*Exercise aim*
Print the data exactly as written, but leave out each picture.

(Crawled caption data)

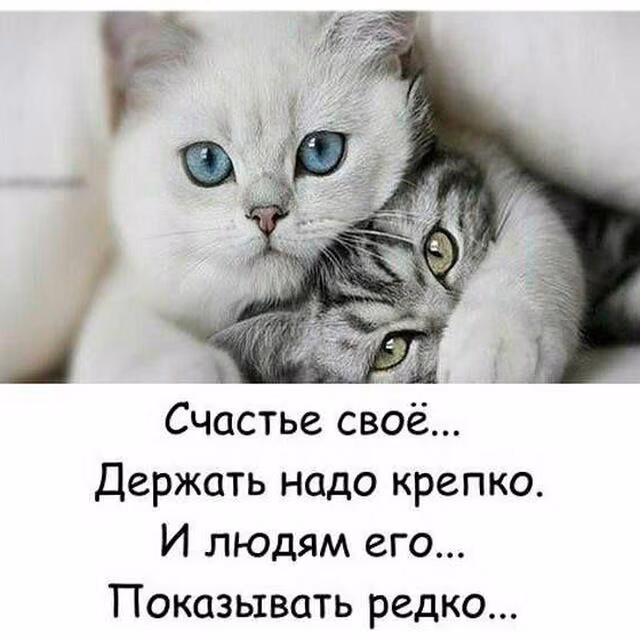e0ffef44001d50d105b538ee499f3826.jpg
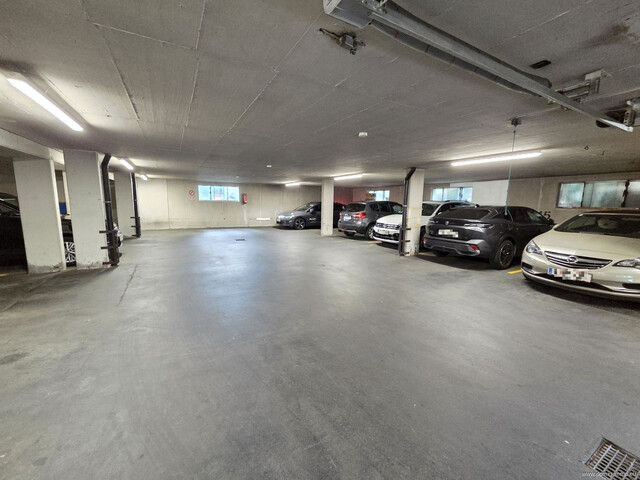 In top Lage: 3,5-Zimmer-Wohnung mit 82,5m², großzügiger Terrasse und Tiefgaragenplatz in Höchst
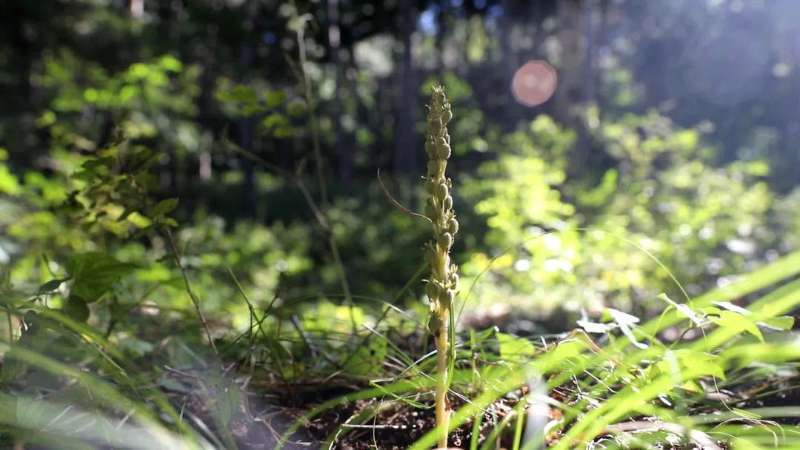 北京市园林绿化局|“北京无喙兰”首次在密云区被发现，近年这些罕见物种也相继现身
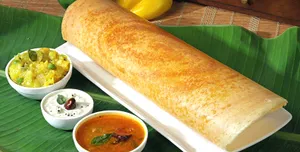 Plain Dosa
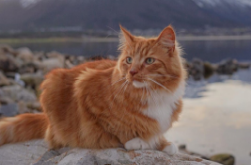 https://upforme.ru/uploads/001a/0f/73/14/278154.png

*Response to this task*
e0ffef44001d50d105b538ee499f3826.jpg
 In top Lage: 3,5-Zimmer-Wohnung mit 82,5m², großzügiger Terrasse und Tiefgaragenplatz in Höchst
 北京市园林绿化局|“北京无喙兰”首次在密云区被发现，近年这些罕见物种也相继现身
 Plain Dosa
 https://upforme.ru/uploads/001a/0f/73/14/278154.png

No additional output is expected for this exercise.